Large language models (LLMs) have shown promise in medical education and assessment, but their performance on highly specialized, context-specific exams remains under-explored. This study aimed to evaluate the accuracy of five advanced LLMs – Qwen3, DeepSeek-R1-0528, ChatGPT o3-pro, Gemini 2.5 pro, and Claude 4.0 – in answering oral and maxillofacial surgery multiple-choice questions, and compare their performance.

Methods

A total of 110 oral and maxillofacial surgery questions were collected from the 2013–2024 Chinese National Medical Licensing Examination (CNMLE), including 80 specialized knowledge questions and 30 case analysis questions.

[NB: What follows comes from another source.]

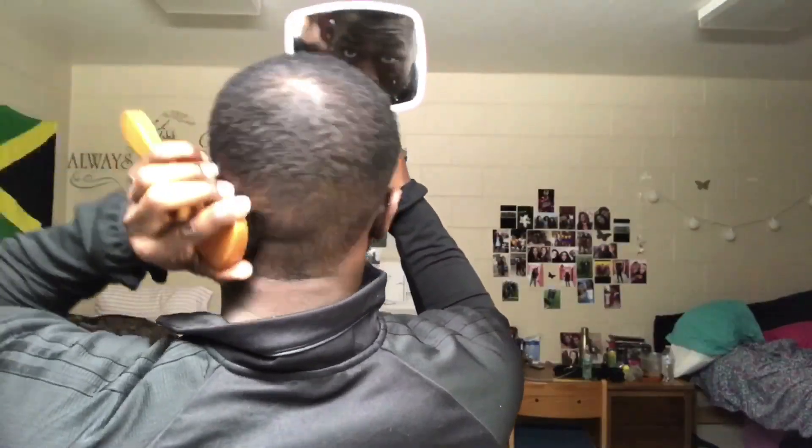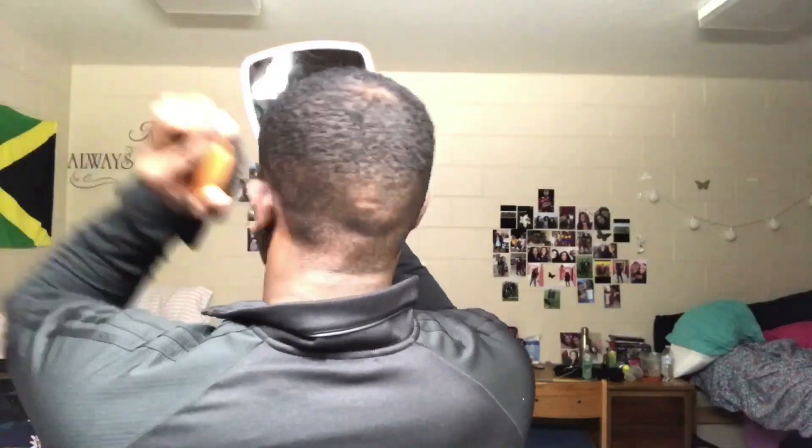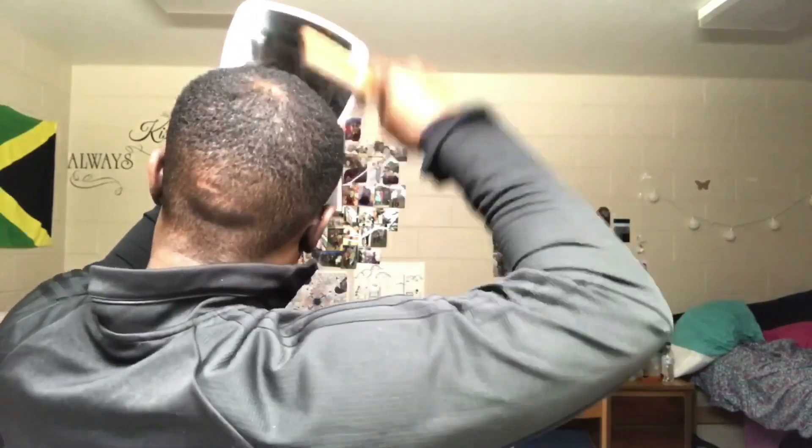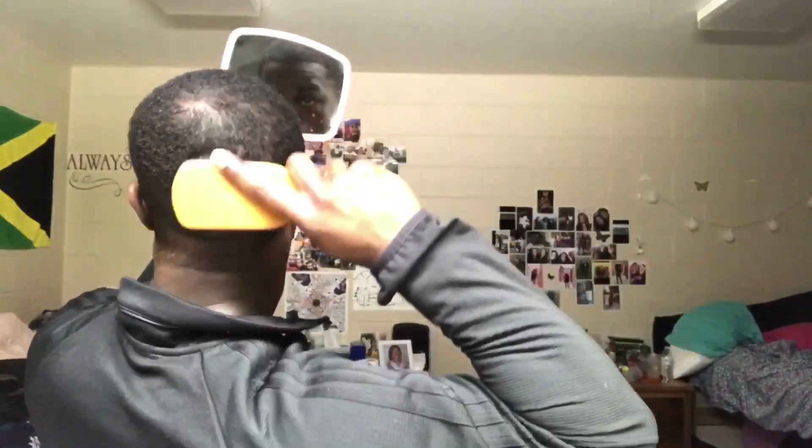So stay tuned for this monster brush session I'm about to have. Brushing is key — you can never do enough brushing. Let's get to work.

All questions were presented in Chinese to each LLM, and the correctness of each model’s first answer was recorded. We also attempted to verify the authenticity of any references provided in the models’ answers. Performance differences among models were analyzed with a significance level of P < 0.05.

Results

All models achieved higher accuracy on knowledge-based questions than on case analysis questions. Qwen3 and DeepSeek showed no significant within-model accuracy difference between question types, whereas ChatGPT, Gemini, and Claude had significantly lower accuracy on case-based questions (P < 0.05). Across questions on tooth extraction, maxillofacial trauma/infection, and maxillofacial tumors, the models performed well (overall accuracy 87.3%–95.5%) with no significant inter-model differences. Qwen3 achieved the highest overall accuracy (95.5%), followed by DeepSeek (94.5%), ChatGPT (89.1%), and Gemini and Claude (87.3% each). However, 37.7%–43.9% of the references provided by the models were not verifiable, with no significant difference among the models.

Conclusion

LLMs demonstrated high accuracy on oral and maxillofacial surgery exam questions, indicating great potential as assistive tools in medical education and examinations. Nevertheless, their performance in complex case reasoning is notably lower and a substantial portion of their cited references are spurious. These findings highlight the need for further improvements in LLMs’ clinical reasoning capabilities and for reducing reference hallucinations before they can be reliably used in unsupervised clinical decision-making.